3.14. De rechtbank heeft geoordeeld dat DVP onvoldoende heeft onderbouwd dat als gevolg van de wanprestatie van Winterthur jegens GAC de relatie tussen GAC en DVP is verbroken. DVP bestrijdt dit oordeel, maar draagt geen feiten en omstandigheden aan op grond waarvan kan worden aangenomen dat dit oordeel van de rechtbank onjuist is. DVP heeft zijn grief en de genoemde stelling onvoldoende concreet onderbouwd, zodat deze falen.
3.15. Het voorgaande betekent dat het beroep van DVP op de beperkende werking van de redelijkheid en billijkheid faalt. Verder zijn de vorderingen van DVP voor zover zij zijn gegrond op wanprestatie of een onrechtmatige daad van Winterthur jegens DVP terecht door de rechtbank afgewezen.

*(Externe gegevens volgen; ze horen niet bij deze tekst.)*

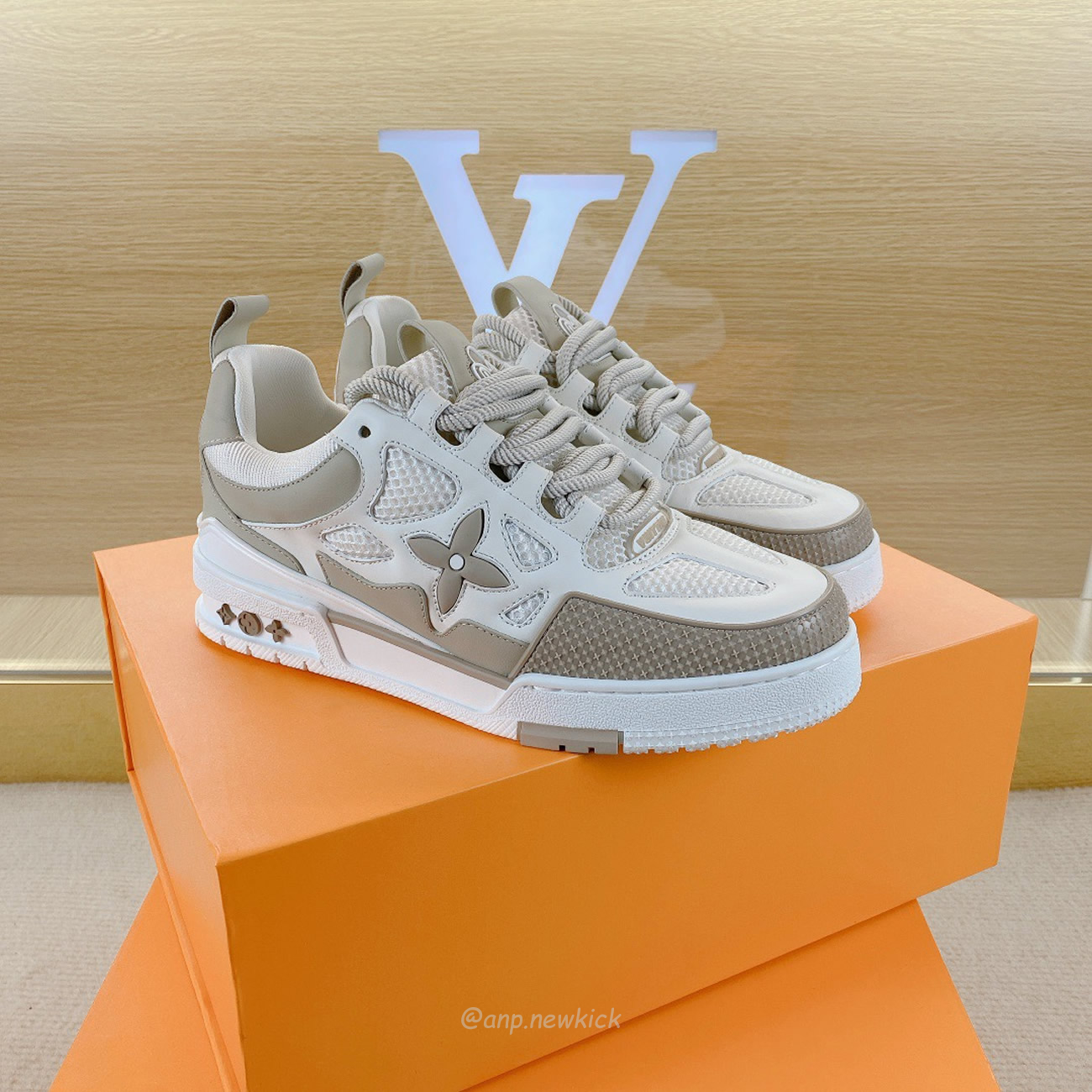 Louis Vuitton Lv Skate Sneaker Beige White 1aarqh (6) - newkick.cc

Ook de hoogte van de door DVP gevorderde schade kan verder in het midden blijven bij gebreke van aansprakelijkheid van Reaal. De grieven IV tot en met XII zijn vergeefs voorgesteld.
3.16. DVP heeft bewijs aangeboden, maar dit aanbod niet betrokken op voldoende concrete feitelijke stellingen die, indien bewezen, tot een ander oordeel zouden kunnen leiden. Het aanbod wordt daarom gepasseerd.
3.17. De slotsom is dat het hoger beroep geen succes heeft. Het hof zal het vonnis waarvan beroep bekrachtigen. Als de in het ongelijk gestelde partij dient DVP de kosten van het geding in hoger beroep te dragen.
bekrachtigt het vonnis waarvan beroep;
verwijst DVP in de proceskosten van het hoger beroep en begroot die kosten, voor zover tot heden aan de kant van Reaal gevallen, op € 6.190,00 aan verschotten en € 3.263,00 aan salaris advocaat.
Dit arrest is gewezen door mrs. C.A. Joustra, J.W. Hoekzema en E.M. Polak en op 19 juli 2011 in het openbaar uitgesproken door de rolraadsheer.